The seals, however, can in no way be blamed for the decimation of the cod stocks off Newfoundland. That is the responsibility of the fishermen and the authorities in both Canada and Europe.

Those suffering most from this, however, are the people of Newfoundland, where a soaring unemployment rate and increasing social hardship have followed in the wake of the collapse of the cod stocks.

In spite of protection measures, a growth in the cod stock is long in coming. The question is whether the harp seals - in such an extreme situation as this, where the cod stock is at a minimum - are hindering the recovery of the cod.

The harp seal stock has more than doubled over a period of 15 years. Since cod only comprise a small part of their diet, the seals can live comfortably on a main diet of other species and still eat cod for dessert. Organisations opposed to sealing raise doubts as to whether the seals really do have a negative impact on the cod fisheries. Some suggest that the seals eat fish that normally feed on cod, and thus have a positive effect on the cod stock. There is, however, no indication that this hypothesis is correct. So far, it has not been possible to identify a cod predator that is eaten in such large quantities by the seals that it can be said to compensate for the seals' own consumption of cod. It has also been suggested that the cod that manage to avoid the jaws of the seals do not necessarily end up in the fishermen's nets, but may end up in the stomachs of other predatory fish. This is hardly likely though, since the seals help themselves to larger cod than other cod predators, i.e. cod that have reached an age of 1-2 years and are 10-20 cm in length.

Research is now under way that will hopefully provide a basis for conclusions with regard to the harp seals' impact on the growth of the cod stock. First and foremost, we lack information on the distribution and abundance of cod up to the age of two years, and the predators that prey on cod of this size. Pending the results of this research, the Canadian authorities have stepped up their sealing efforts to a level that will limit the growth of the seal stock.

There is a similar conflict going on in the Bering Sea, but this time in reverse. Here the stock of Steller sea lions has been drastically reduced over the past few years. Greenpeace claims that this is a result of the commercial fisheries depriving them of their food. On the other hand, the American fisheries authorities claim that there is no scientific proof that fishing is the reason for Steller declines.

The attitudes of certain «green» organisations towards fisheries and marine mammals might appear inconsistent. They focus on the rivalry between the fisheries and marine mammals to eat the fish, while at the same time denying that marine mammals are in competition with fisheries.

A SIMPLER WAY OF SEEING THINGS

The various species in marine ecosystems eat one another, one another’s prey and one another’s predators - inter-changeably. It is therefore difficult to quantify the role of marine mammals in this complex system, and to establish the effects on fish - and fisheries - should stocks increase or decrease in number.

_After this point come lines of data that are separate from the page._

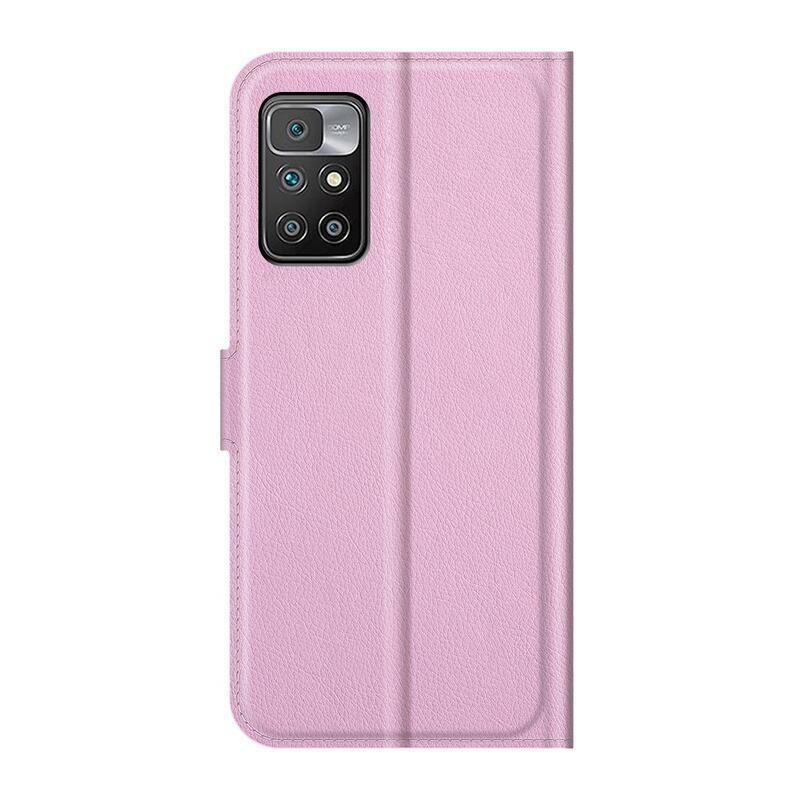 Litchi PU bőr pénztárca tok Xiaomi Redmi 10/Redmi 10 (2022) - rózsaszínű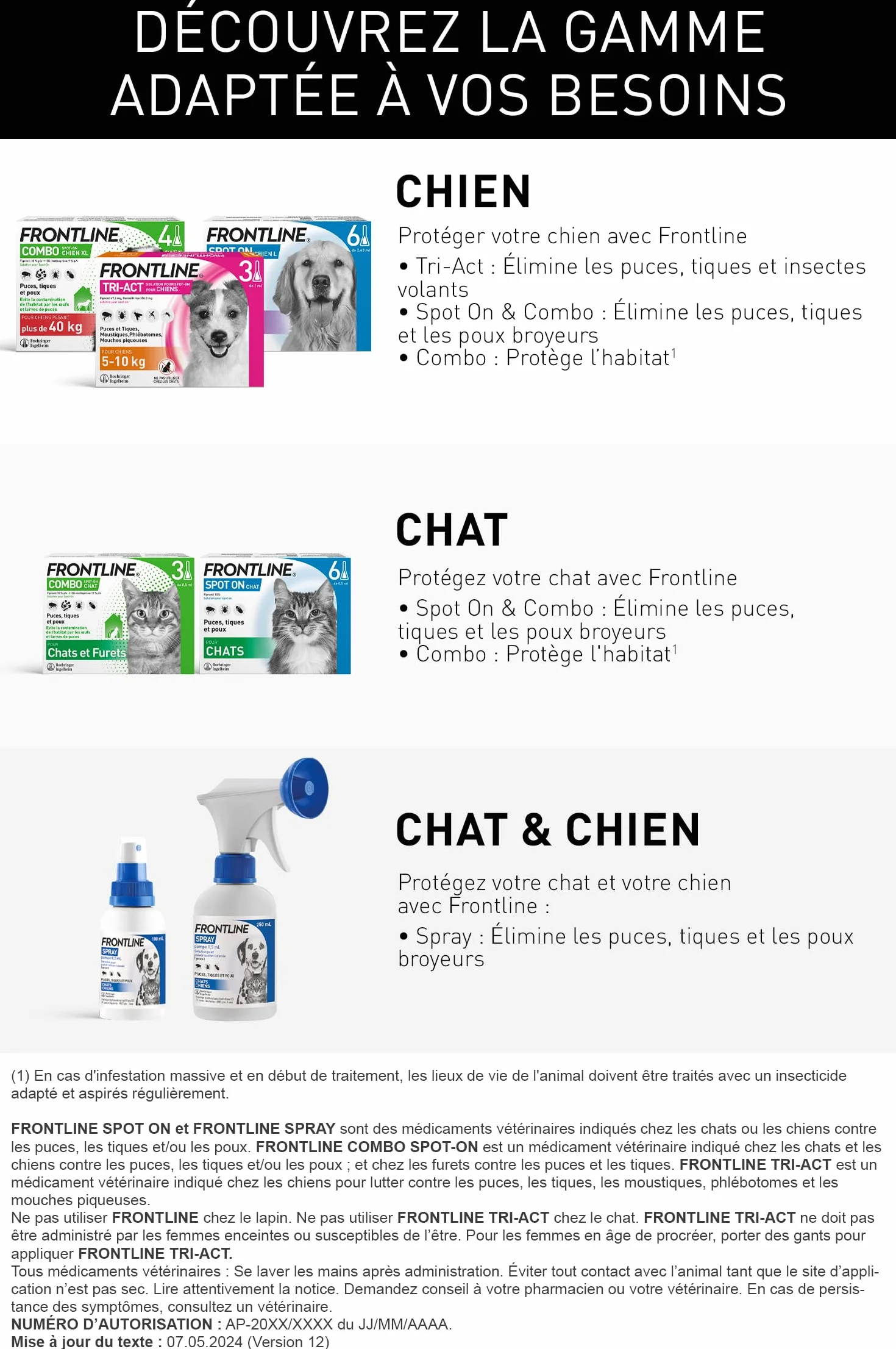 FRONTLINE Spray pompe 250 ml Antiparasitaire Chien Chat Anti-puces Anti-Tiques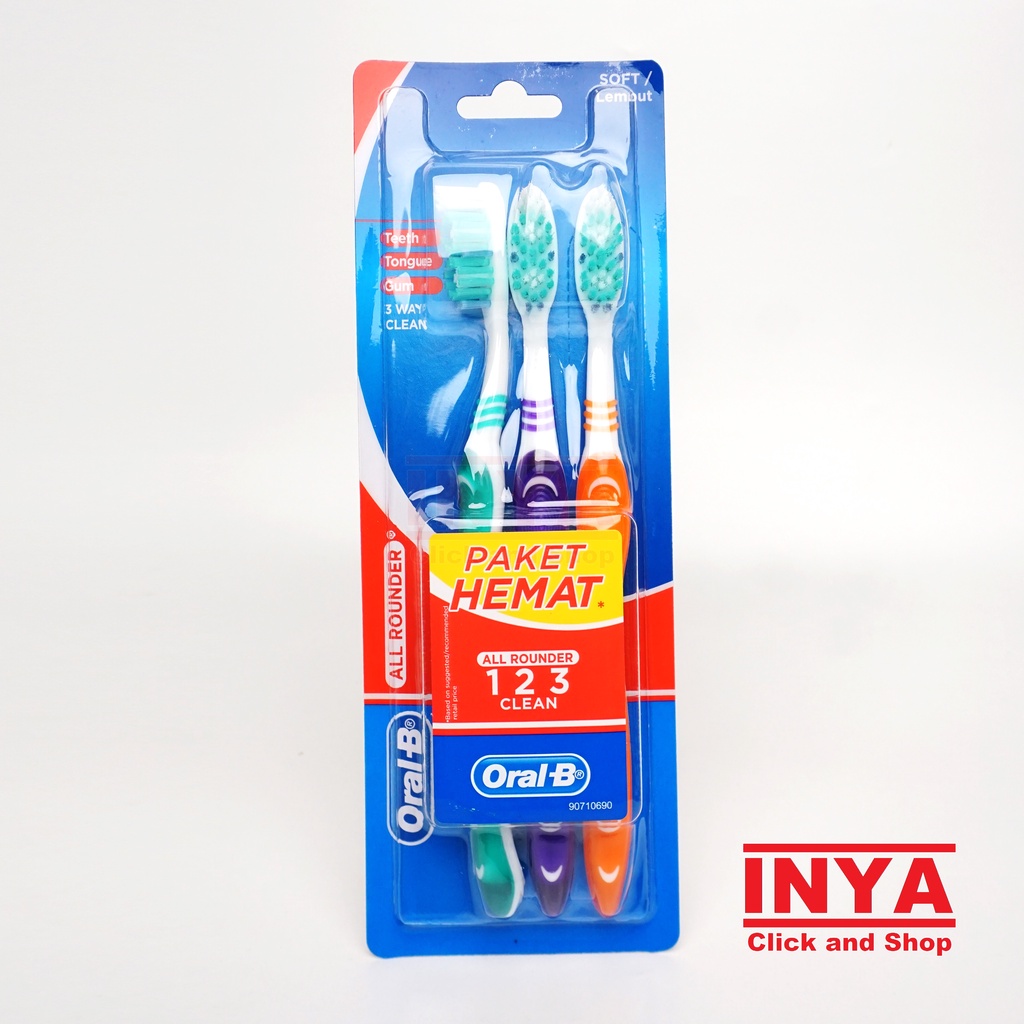 SIKAT GIGI ORAL-B ALL ROUNDER 123 CLEAN SOFT PACK isi 3pcs - Toothbrush ORAL B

There is, however, a simpler way of seeing things. Primary production, through photosynthesis, in the form of plankton, is a limiting factor on the size of the biomass further up the food chain. For each link in the food chain, approximately 90% of the energy is lost. In view of this, it is possible to calculate how great a share of primary production is occupied by marine mammals on the various levels of the food chain. This share will, of course, vary with the size of the stocks. Should we decide to maintain large stocks of marine mammals, while at the same time deciding not to harvest these stocks, then an entire segment of the flow of energy through the food chain will be inaccessible to the fisheries. Such a management system will, in other words, reduce the possible sustainable yield of the marine ecosystems.


Norwegian scientists weigh cod found
in the stomach of a minke whale.


Notes:

45. The figures stems from the Report on the Status of Harp Seals in the Northwest Atlantic, Science Branch, Northwest Atlantic Fisheries Centre (St. Johns, Newfoundland, 1995).